Convine en ello y mudé el tema de conversación.
– ¿Qué tal las muchachas?
Aarón era soltero y, aunque lo conocía desde hacia veinte años, no recordaba que jamás hubiera tenido una cita. Los caballos eran su principal pasión. De Tulsa a Chicago y a Luisville y de nuevo a Oklahoma City siempre viajaba donde lo llevaba el circuito trimestral equino.
– Muy excitadas. Pujé por un semental el otoño pasado y lo conseguí. Desde entonces las muchachas se comportan como potrillas.
Charlamos acerca de nuestras vidas y de nuestros mutuos amigos y acordamos encontrarnos en la reunión que celebraría la Academia en febrero.
– Que tengas suerte para descubrir a ese tipo, Tempe.
– Gracias.
Según mi reloj eran las cinco menos veinte. De nuevo despachos y pasillos se habían quedado en silencio alrededor de mí. El timbre del teléfono me sobresaltó.
Pensé que tomaba demasiado café.
Al responder, el auricular aún seguía caliente en mi oído.
– Anoche te vi.
– ¡Gabby!
– ¡No vuelvas a hacerlo, Tempe!
– ¿Dónde estás, Gabby?
– Sólo lograrás empeorar las cosas.
– ¡Maldita sea, Gabby, no juegues conmigo! ¿Dónde estás? ¿Qué sucede?
– Eso no importa. Ahora no puedo verte.
No podía creer que volviera a hacerme aquello. Sentía crecer la ira en mi pecho.
– ¡Mantente al margen, Tempe! ¡Aléjate de mí! ¡Aléjate de mi…!
La egocéntrica rudeza de Gabby encendió mi ira contenida. Espoleada por la arrogancia de Claudel, la crueldad de un asesino psicópata y la locura juvenil de Katy, estallé con la furia de un relámpago y la cargué sobre Gabby abrasándola.

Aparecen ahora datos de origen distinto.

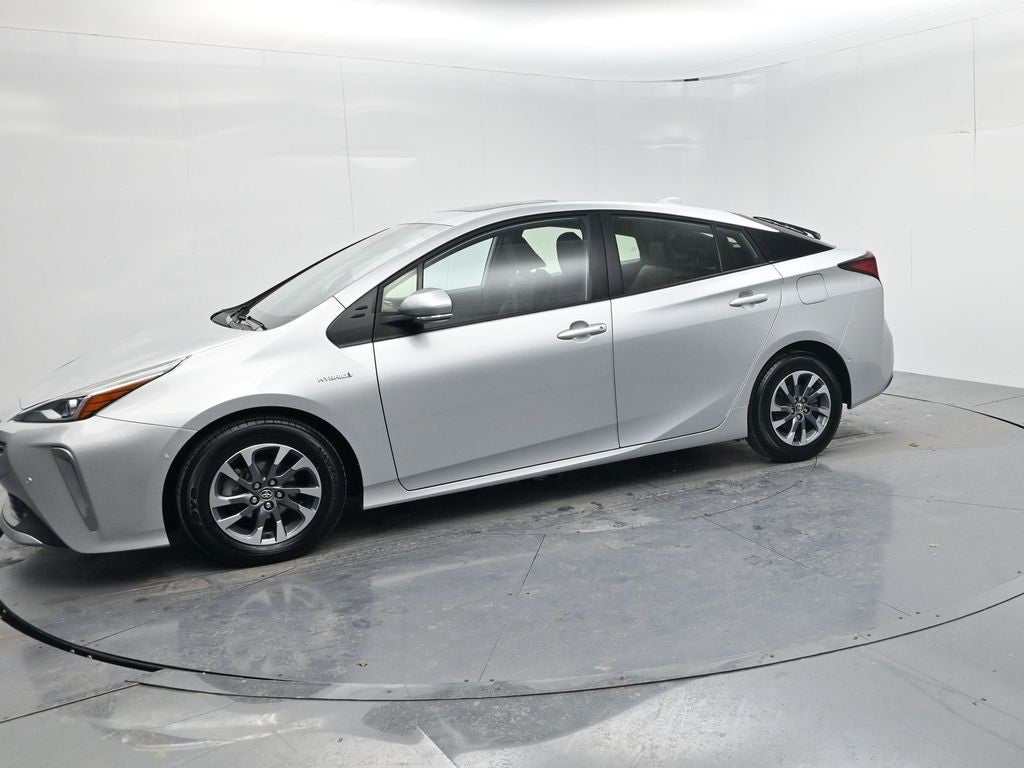 2022 Toyota Prius Limited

– ¡Quién diablos te crees que eres! -resoplé por el teléfono con voz quebrada.
Apreté el aparato con tanta energía como para romper el plástico y proseguí:
– ¡Puedes irte al diablo! ¡Te dejaré tranquila, de acuerdo! ¡No sé a qué extraños juegos te dedicas, Gabby, ni quiero saberlo! ¡Juego, partido, encuentro concluido! No quiero saber nada de tu esquizofrenia ni de tus paranoias. Y te repito que no seguiré tu juego haciendo el papel de vengador y tú de damisela en apuros.
Todas mis neuronas estaban sobrecargadas como un electrodoméstico de ciento diez en un enchufe de doscientos veinte. Jadeaba y sentía escocer las lágrimas en mis ojos. El genio de Tempe.
Gabby había colgado.
Me senté unos momentos inmóvil, sin pensar. Me sentía mareada.
Lentamente colgué el aparato. Cerré los ojos, busqué entre la selección musical y escogí una pieza, algo que me distendiera, y en voz baja y ronca tarareé la tonada.